» **TASK GOAL**:
Reproduce, exactly and in full, the lines from the one with "Two people reviewing documents" through the one with "istock Snow covered cars in city 452574917" in the data below; drop pictures.

» **RAW DATA**:

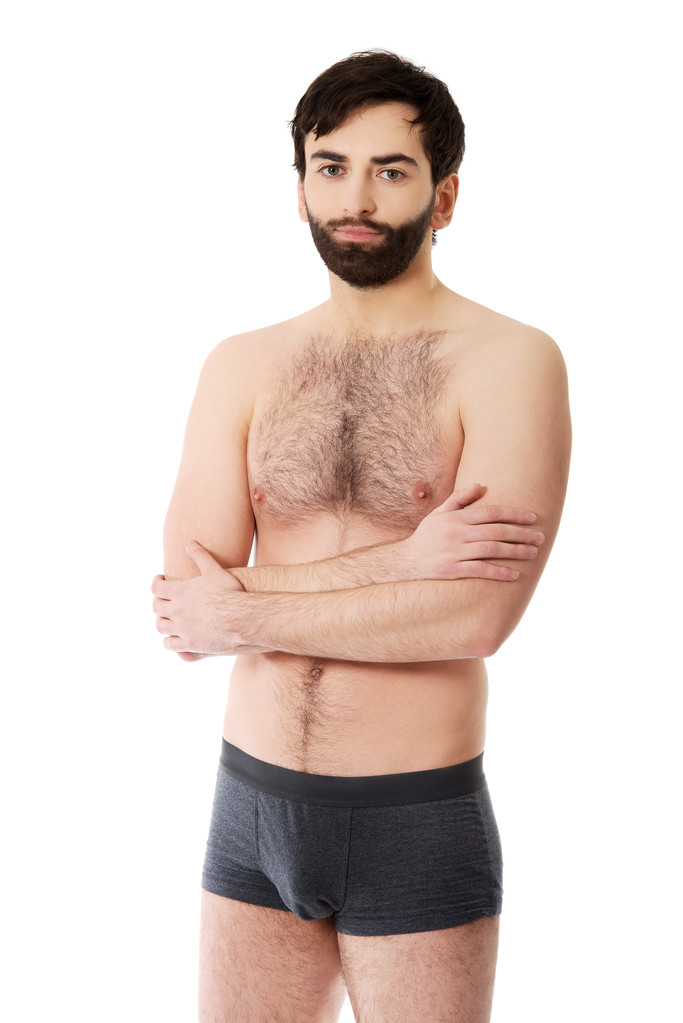 Homme torse nu avec les bras croisés
. - Photo, image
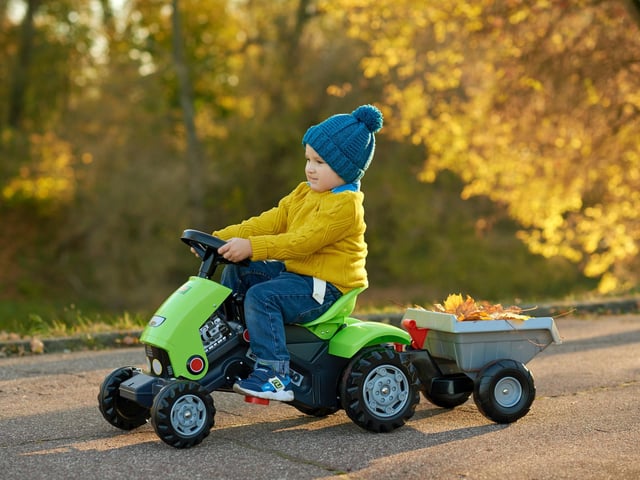 As popular today as they were then, almost every young child in the country (and many in the cities) got their first driving experience with a ride-on toy tractor or car.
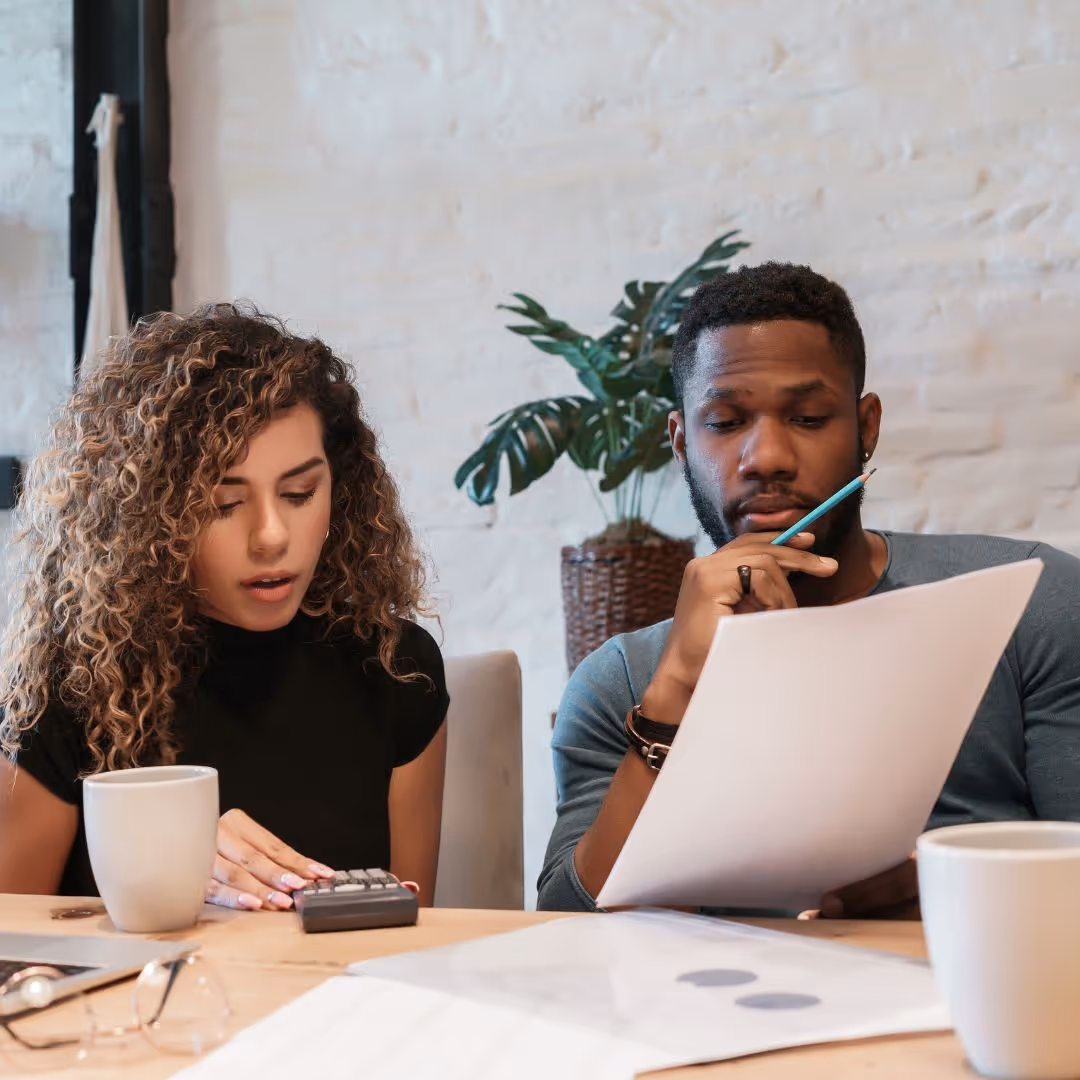 Two people reviewing documents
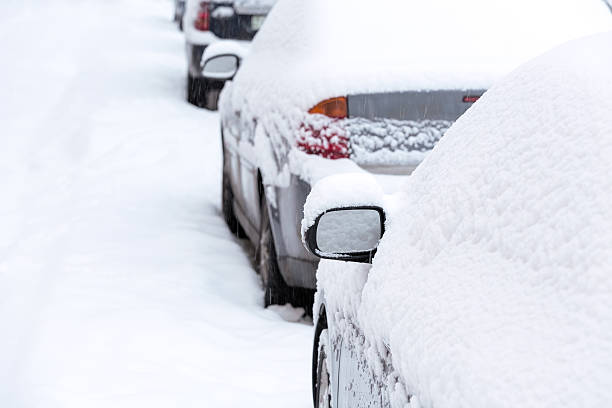 istock Snow covered cars in city 452574917
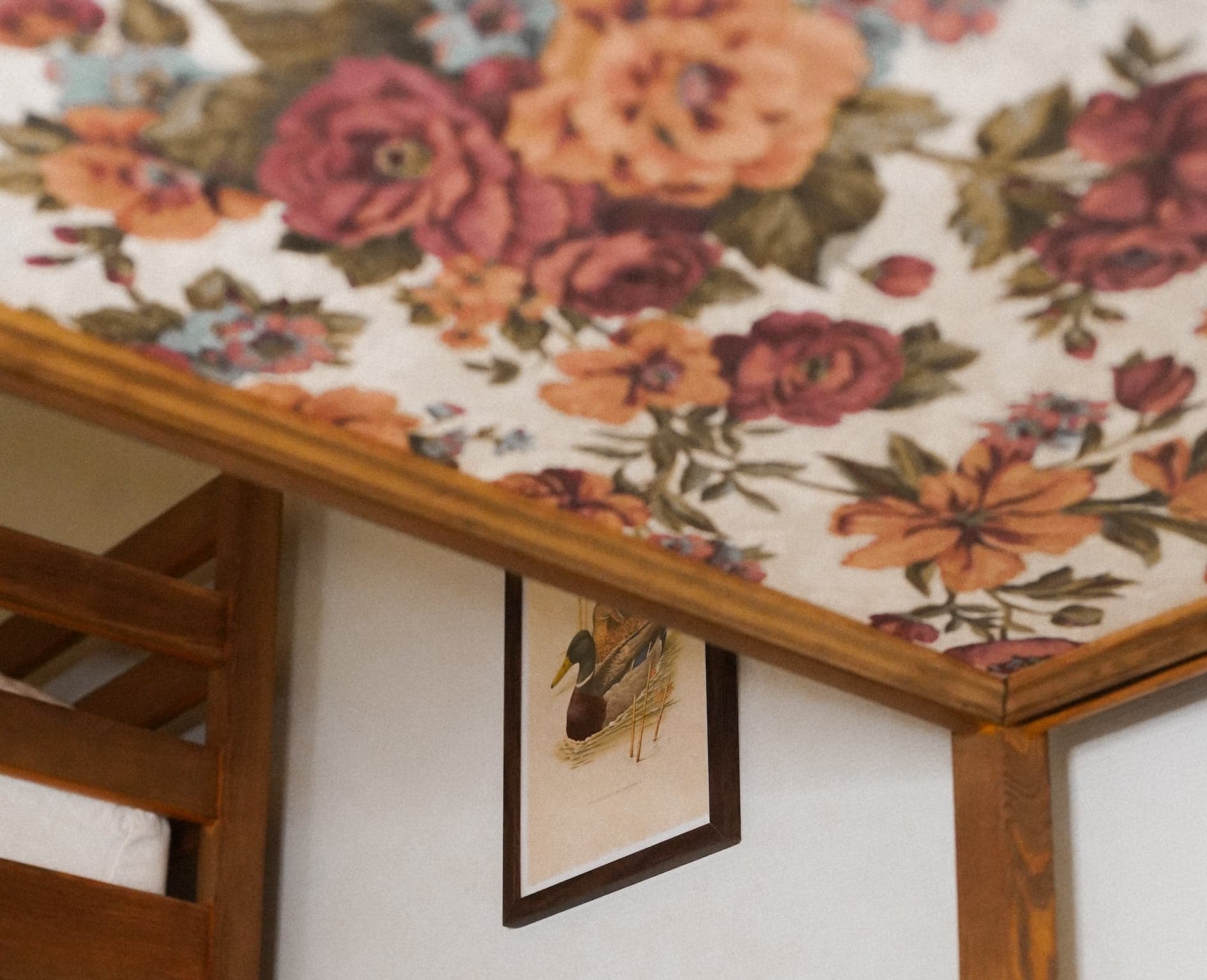 A wooden-framed picture of two ducks, one with a red head and the other with a green head, hanging on a wall beneath a ceiling adorned with vibrant, large floral patterns in red, orange, and green hues. Part of a wooden bunk bed is visible on the left.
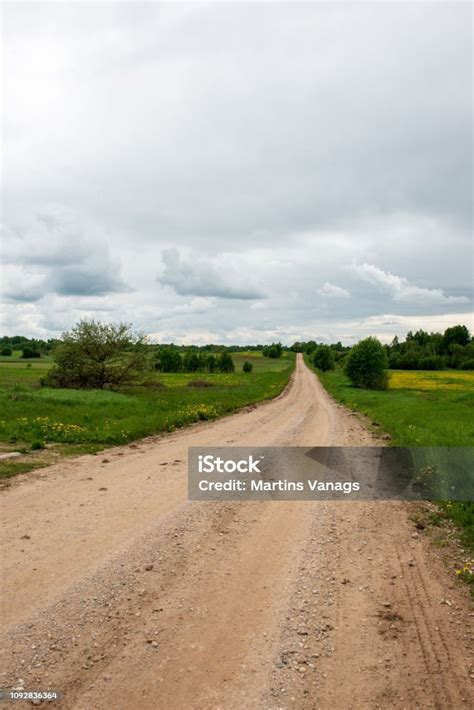 Country Gravel Road With Old And Broken Asphalt Stock Photo Download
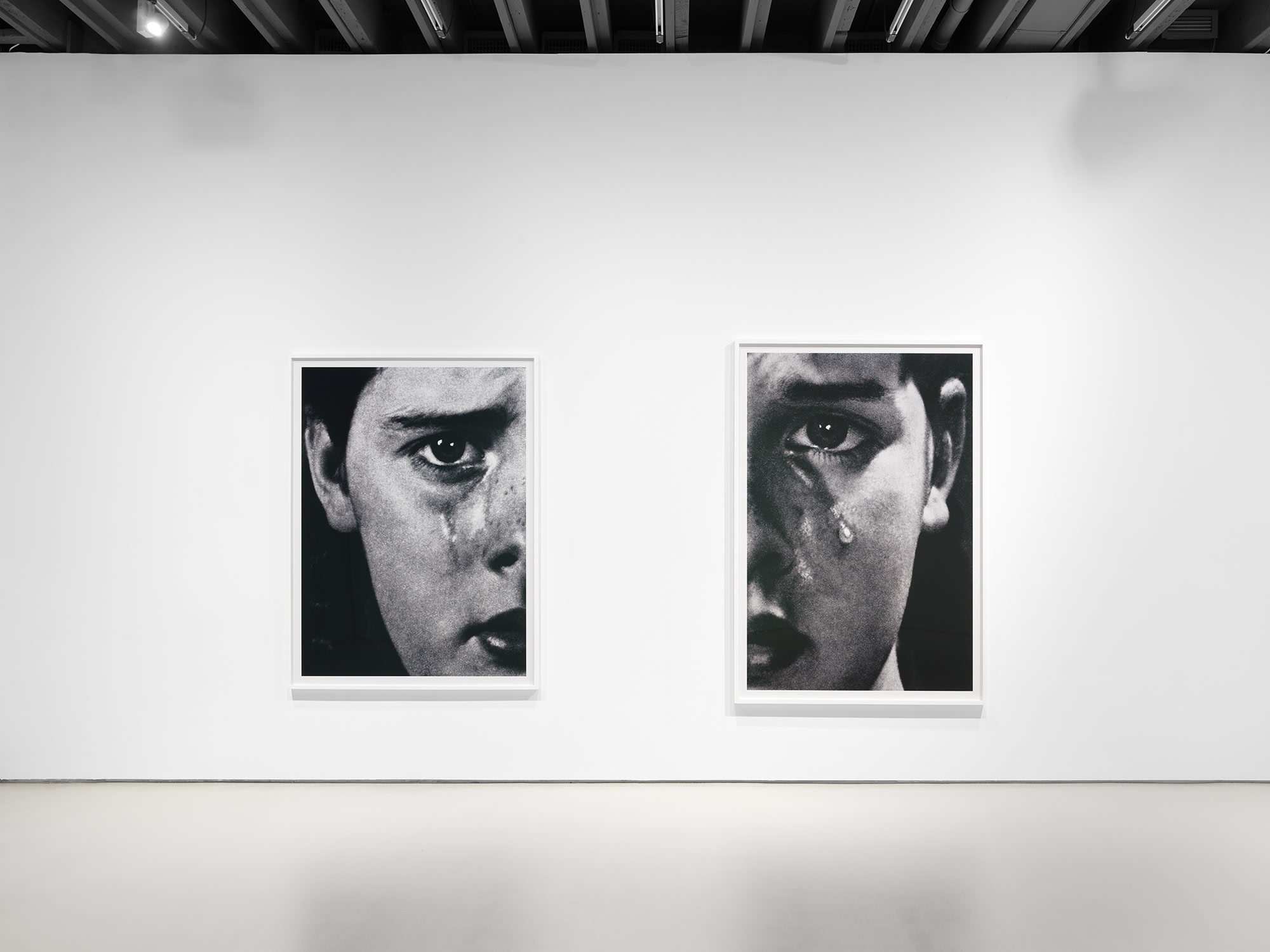 Installation view of Anne Collier's sixth solo show at Anton Kern Gallery, featuring a new body of three distinct groups of works. Diptych of women crying, a common theme in Collier's palette.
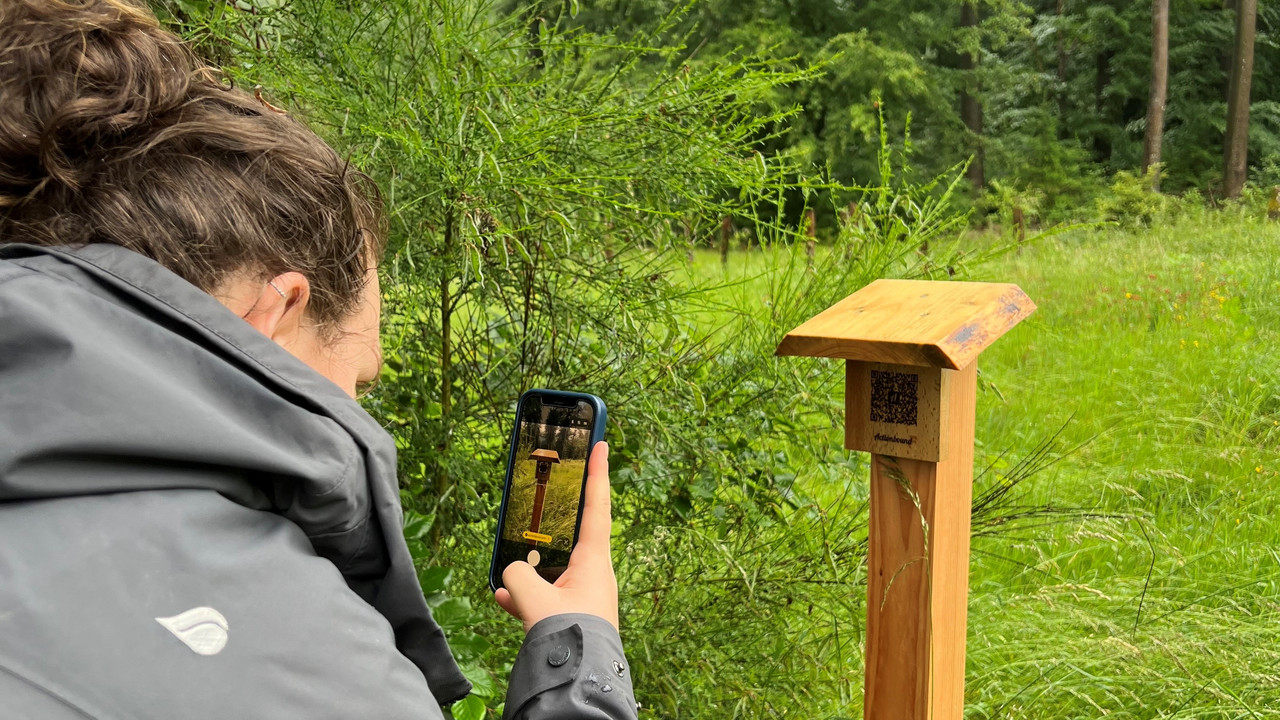 Frau scannt QR-Code auf Holz mit Handy ab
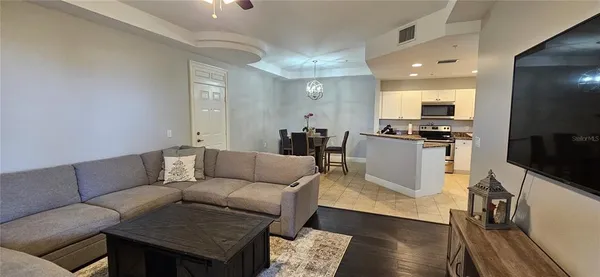 a living room with furniture a flat screen tv and kitchen view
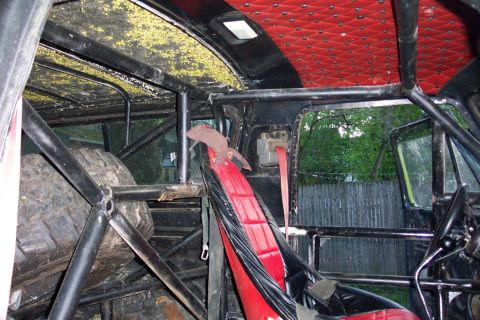1978 Ford Bronco - The interior of this heavily modified vehicle features racing seats, a prominent roll cage, and a spare tire secured within the cabin.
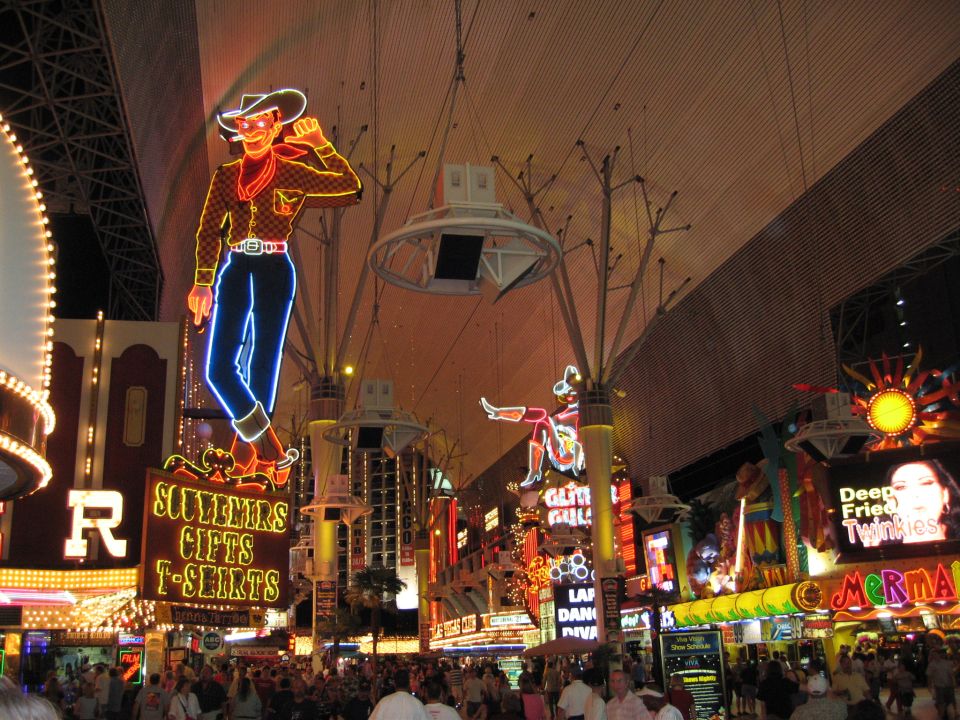 Neon cowboy sign and other bright signs over a crowded street at night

» **OUTPUT OF THE EXERCISE**:
 Two people reviewing documents
 istock Snow covered cars in city 452574917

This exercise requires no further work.